*** Block opens ***

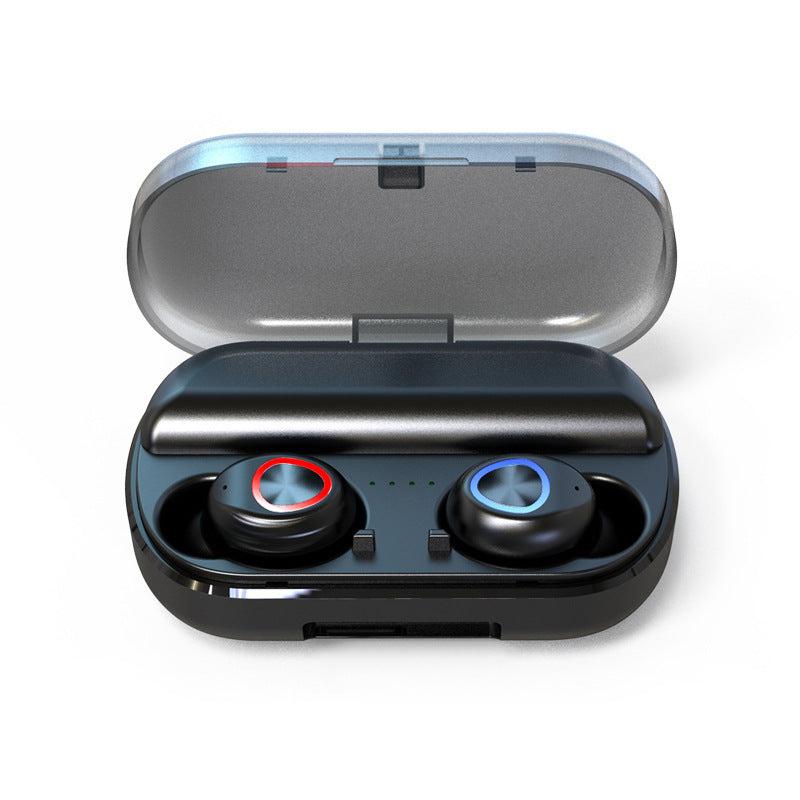 Sports Wireless Bluetooth Headset 1620898884247
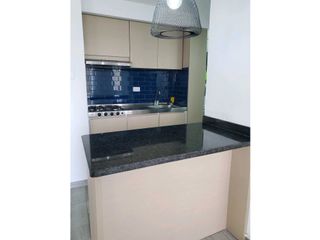 Foto 6 de RENTA  APARTAMENTO AMOBLADO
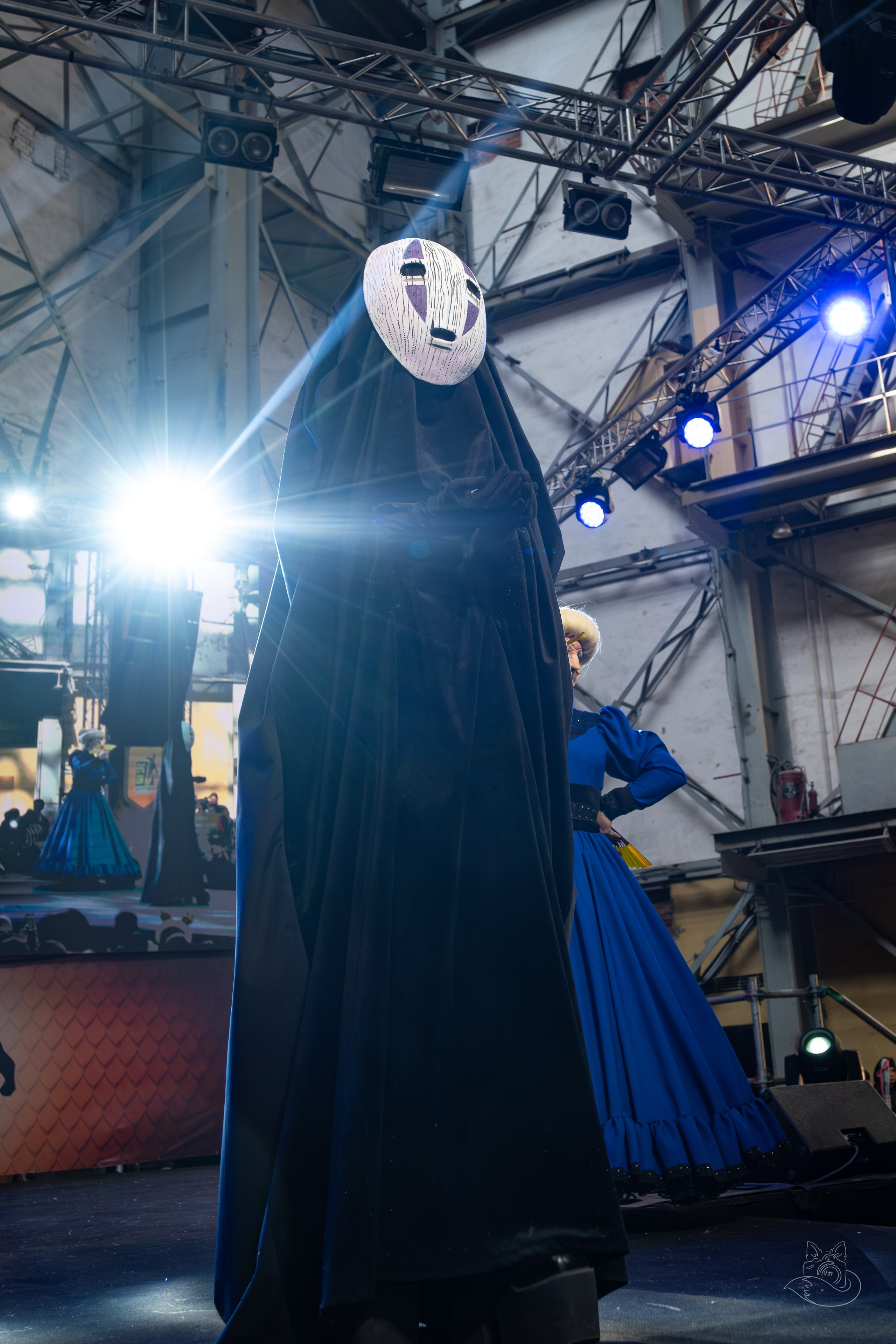 Конкурс Epic Con 2025. Косплей фотограф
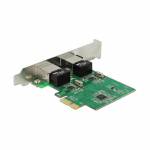 DeLOCK 89999 network card Internal WLAN 1000 Mbit/s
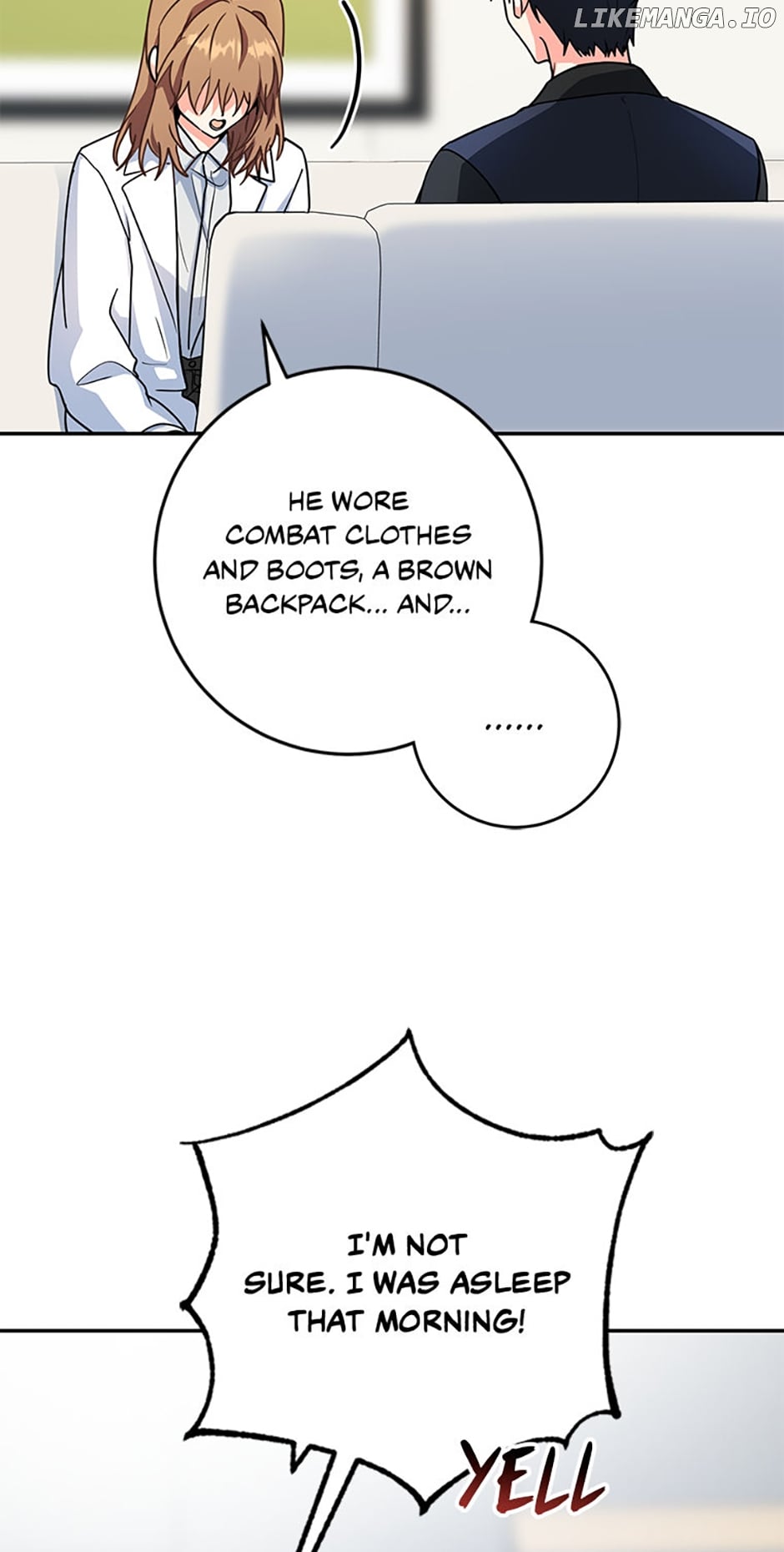 My Brothers, the Protagonists Chapter 75 - page 79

*** Block closes ***

* Task goal
The entries above need to be transcribed exactly, with the images left out.

* Task output
 Sports Wireless Bluetooth Headset 1620898884247
 Foto 6 de RENTA  APARTAMENTO AMOBLADO
 Конкурс Epic Con 2025. Косплей фотограф
 DeLOCK 89999 network card Internal WLAN 1000 Mbit/s
 My Brothers, the Protagonists Chapter 75 - page 79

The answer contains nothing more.